AP Physics 2-15.6 Compton Scattering- Study Notes- New Syllabus
AP Physics 2- 15.6 Compton Scattering – Study Notes
AP Physics 2- 15.6 Compton Scattering – Study Notes – per latest Syllabus.
Key Concepts:
- Compton Scattering
Compton Scattering
Compton scattering is the phenomenon in which an X-ray or gamma-ray photon collides with a free or loosely bound electron, resulting in a photon of longer wavelength (lower energy) and a recoiling electron. This demonstrates the particle nature of light and the transfer of momentum between photons and electrons.
Physical Concept
A photon with initial wavelength \(\mathrm{\lambda}\) collides with a stationary electron. The photon is scattered at an angle \(\mathrm{\theta}\) relative to its original direction. The electron recoils with kinetic energy \(\mathrm{K_e}\).
The change in wavelength (\(\mathrm{\Delta \lambda}\)) of the photon is given by the
Compton formula:
\(\mathrm{\Delta \lambda = \lambda’ – \lambda = \dfrac{h}{m_e c} (1 – \cos \theta)} \)
where
- \(\mathrm{h}\) is Planck’s constant,
- \(\mathrm{m_e}\) is the electron mass,
- \(\mathrm{c}\) is the speed of light, and
- \(\mathrm{\theta}\) is the scattering angle.
Compton Wavelength
The quantity \(\mathrm{\lambda_C = \dfrac{h}{m_e c} \approx 2.43 \times 10^{-12} \, m}\) is called the Compton wavelength of the electron.

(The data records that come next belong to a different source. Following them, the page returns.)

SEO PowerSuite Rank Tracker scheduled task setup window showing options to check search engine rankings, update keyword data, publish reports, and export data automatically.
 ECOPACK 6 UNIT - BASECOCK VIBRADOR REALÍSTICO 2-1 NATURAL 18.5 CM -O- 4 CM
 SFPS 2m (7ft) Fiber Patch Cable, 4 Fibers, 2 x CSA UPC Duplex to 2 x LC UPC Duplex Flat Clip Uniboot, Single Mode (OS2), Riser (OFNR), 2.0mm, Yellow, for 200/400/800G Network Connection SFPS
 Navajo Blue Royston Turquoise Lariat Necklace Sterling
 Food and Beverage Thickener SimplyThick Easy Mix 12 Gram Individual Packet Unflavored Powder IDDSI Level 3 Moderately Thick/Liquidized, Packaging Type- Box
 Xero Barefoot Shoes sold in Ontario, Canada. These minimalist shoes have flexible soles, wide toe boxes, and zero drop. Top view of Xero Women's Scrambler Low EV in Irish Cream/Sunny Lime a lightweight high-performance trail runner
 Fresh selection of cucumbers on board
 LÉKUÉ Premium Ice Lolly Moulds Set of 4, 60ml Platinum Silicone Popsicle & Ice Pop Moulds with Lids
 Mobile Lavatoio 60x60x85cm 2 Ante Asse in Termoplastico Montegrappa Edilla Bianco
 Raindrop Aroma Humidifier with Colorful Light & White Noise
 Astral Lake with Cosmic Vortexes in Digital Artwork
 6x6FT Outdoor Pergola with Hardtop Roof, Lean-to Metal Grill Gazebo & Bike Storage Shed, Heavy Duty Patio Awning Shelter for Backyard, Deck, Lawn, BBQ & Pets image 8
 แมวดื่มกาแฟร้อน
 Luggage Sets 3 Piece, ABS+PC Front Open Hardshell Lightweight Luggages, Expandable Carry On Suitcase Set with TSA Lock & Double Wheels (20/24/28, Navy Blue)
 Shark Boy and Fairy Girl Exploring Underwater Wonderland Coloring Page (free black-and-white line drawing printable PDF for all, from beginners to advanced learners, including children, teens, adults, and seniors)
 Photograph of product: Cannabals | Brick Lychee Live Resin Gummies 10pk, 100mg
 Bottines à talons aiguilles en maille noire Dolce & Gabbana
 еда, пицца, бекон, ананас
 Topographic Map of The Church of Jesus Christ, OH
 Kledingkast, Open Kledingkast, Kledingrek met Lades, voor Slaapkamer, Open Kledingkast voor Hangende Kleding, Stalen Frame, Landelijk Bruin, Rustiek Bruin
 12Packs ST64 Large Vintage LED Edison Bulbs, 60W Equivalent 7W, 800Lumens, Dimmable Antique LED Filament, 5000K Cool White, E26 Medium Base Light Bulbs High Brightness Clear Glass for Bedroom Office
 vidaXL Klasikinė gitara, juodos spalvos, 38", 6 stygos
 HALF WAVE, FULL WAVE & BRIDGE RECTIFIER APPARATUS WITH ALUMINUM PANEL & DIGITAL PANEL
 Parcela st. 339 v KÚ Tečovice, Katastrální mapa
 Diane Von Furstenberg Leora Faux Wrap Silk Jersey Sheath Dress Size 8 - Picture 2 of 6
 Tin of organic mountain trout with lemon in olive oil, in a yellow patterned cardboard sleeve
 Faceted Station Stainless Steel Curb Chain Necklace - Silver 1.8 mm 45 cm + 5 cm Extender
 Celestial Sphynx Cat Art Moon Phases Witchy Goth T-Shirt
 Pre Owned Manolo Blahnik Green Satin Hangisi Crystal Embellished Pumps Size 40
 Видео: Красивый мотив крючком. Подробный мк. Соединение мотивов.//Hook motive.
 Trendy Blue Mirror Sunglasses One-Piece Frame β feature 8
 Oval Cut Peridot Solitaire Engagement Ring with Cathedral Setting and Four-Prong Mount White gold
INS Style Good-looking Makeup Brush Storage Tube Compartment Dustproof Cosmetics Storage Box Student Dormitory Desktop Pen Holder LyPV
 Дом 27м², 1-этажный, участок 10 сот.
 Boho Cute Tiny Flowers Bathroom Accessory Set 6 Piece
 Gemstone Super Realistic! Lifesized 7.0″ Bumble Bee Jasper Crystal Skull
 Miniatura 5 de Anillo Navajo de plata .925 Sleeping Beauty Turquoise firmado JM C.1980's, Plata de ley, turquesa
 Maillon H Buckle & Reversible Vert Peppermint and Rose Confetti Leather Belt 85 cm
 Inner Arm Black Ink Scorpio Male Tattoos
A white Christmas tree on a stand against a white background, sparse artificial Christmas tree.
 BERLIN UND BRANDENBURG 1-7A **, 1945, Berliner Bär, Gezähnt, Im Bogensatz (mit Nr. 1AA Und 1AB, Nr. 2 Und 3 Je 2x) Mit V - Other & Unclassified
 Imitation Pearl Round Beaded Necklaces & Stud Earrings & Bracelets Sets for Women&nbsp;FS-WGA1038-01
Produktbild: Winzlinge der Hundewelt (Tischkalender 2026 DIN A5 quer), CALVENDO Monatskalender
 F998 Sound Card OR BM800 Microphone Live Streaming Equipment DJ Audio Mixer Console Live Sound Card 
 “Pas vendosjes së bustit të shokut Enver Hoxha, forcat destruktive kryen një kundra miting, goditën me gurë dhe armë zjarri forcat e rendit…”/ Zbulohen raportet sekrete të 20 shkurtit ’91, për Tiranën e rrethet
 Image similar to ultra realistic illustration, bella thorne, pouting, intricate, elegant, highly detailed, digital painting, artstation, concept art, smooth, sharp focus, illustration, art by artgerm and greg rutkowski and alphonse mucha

- Maximum wavelength shift occurs when the photon is scattered backward (\(\mathrm{\theta = 180^\circ}\)).
- This effect confirms that photons carry momentum \(\mathrm{p = \dfrac{h}{\lambda}}\) and behave as particles in collisions.
Key Features
- Photon loses energy and increases wavelength after scattering; the electron gains kinetic energy.
- Demonstrates particle-like behavior of light and momentum transfer.
- Depends on the scattering angle; no change in wavelength occurs for \(\mathrm{\theta = 0^\circ}\).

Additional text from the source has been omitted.